''Anomaly Detection with Isolation Forest''
This repository contains Python code for anomaly detection using the Isolation Forest algorithm. The code is organized into a class named AnomalyDetection to encapsulate various functionalities such as data loading, preprocessing, model training, and visualization.
Navigate to project directory: cd <project_directory>
Install the required dependencies using pip3 and the provided requirements.txt file. pip3 install -r requirements.txt
Run the main.py script.: python3 main.py
This script demonstrates the usage of the AnomalyDetection class on a sample dataset (ambient_temperature_system_failure.csv). It reads the data, preprocesses it, plots the data stream, trains the Isolation Forest model, and visualizes anomalies over time and their distribution.
About Algorithm Isolation Forest: Isolation Concept: The Isolation Forest works on the principle that anomalies are easier to isolate than normal instances. It builds an ensemble of isolation trees, where each tree is constructed by recursively partitioning the dataset. Anomalies are expected to be isolated closer to the root of the trees, requiring fewer splits.
Random Partitioning: The algorithm randomly selects a feature and a random split value for each partition, leading to a tree structure. Multiple trees are built independently. Randomization is a key element of the algorithm, making it efficient and able to handle high-dimensional data without the need for extensive parameter tuning.

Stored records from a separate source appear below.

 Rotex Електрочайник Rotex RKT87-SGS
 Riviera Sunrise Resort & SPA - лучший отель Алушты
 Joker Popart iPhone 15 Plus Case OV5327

Anomaly Score: The anomaly score is determined by the average depth of the isolation trees in which a data point resides. Anomalies, being isolated early, have lower average depths, resulting in higher anomaly scores.

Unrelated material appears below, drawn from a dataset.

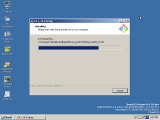 Gsoc 2018 Final Report Reactos Project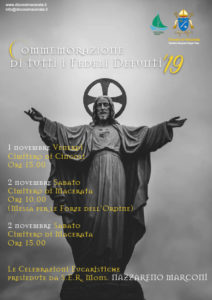 2019-11-commemorazione-fedeli-defunti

Scalability: Isolation Forest is efficient and scalable, especially in high-dimensional spaces. The average time complexity for building an isolation tree is O(log N), where N is the number of instances in the dataset.
Handling High-Dimensional Data: Traditional methods may struggle with high-dimensional data due to the curse of dimensionality. Isolation Forest, by design, is less affected by the curse of dimensionality and can effectively handle datasets with many features.

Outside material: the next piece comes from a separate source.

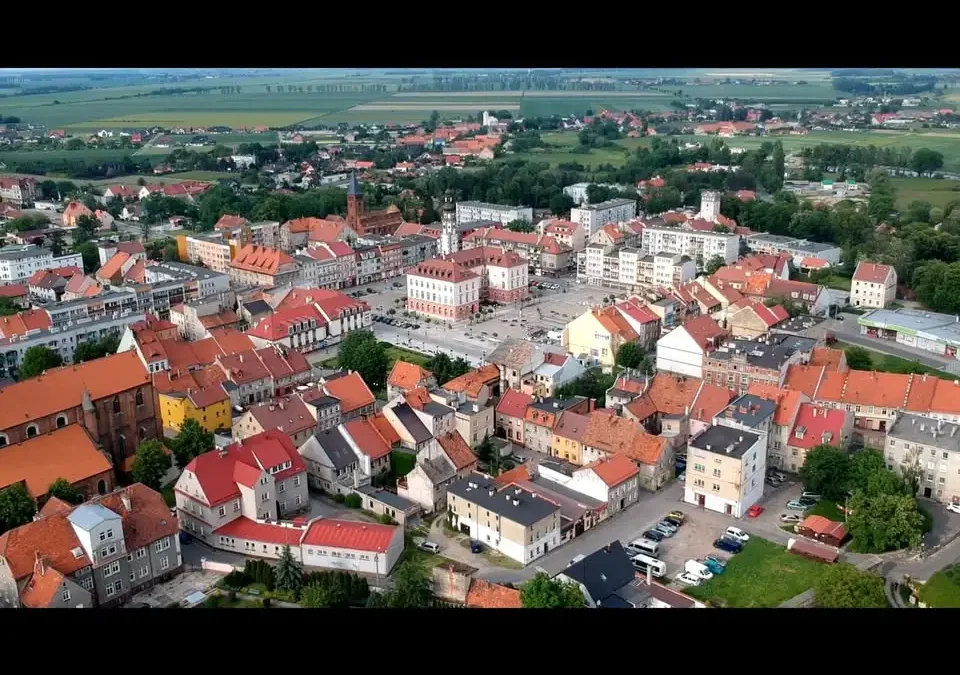 Uroczysta przysięga wojskowa w Grodkowie – 8 sierpnia na Rynku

Outlier Detection: Isolation Forest is particularly well-suited for outlier detection tasks. Its ability to isolate anomalies efficiently makes it useful in scenarios where identifying rare events or unusual patterns is crucial.
One-Class Learning: Isolation Forest is a one-class learning algorithm, making it suitable for unsupervised tasks where only normal instances are available during training. It does not require labeled anomaly examples for training.
While Isolation Forest has shown good performance in various scenarios, it's important to note that no single algorithm is universally optimal for all types of data
Class Methods: AnomalyDetection(data_path) Constructor method to initialize the AnomalyDetection object with the path to the dataset.
read_data() Reads data from the specified path and handles file not found or empty dataset errors.
preprocess_data() Performs data preprocessing and feature engineering, converting temperature values to Celsius and extracting additional features.
train_model() Trains the Isolation Forest model on the preprocessed data.
plot_data() Plots the data stream over time.
visualize_anomalies_over_time() Visualizes anomalies throughout time using a line plot.
visualize_anomalies_distribution() Visualizes anomalies with temperature distribution using a histogram.
Requirements: The code relies on the following Python libraries:
- pandas
- numpy
- scikit-learn
- matplotlib
Ensure these dependencies are installed before running the code.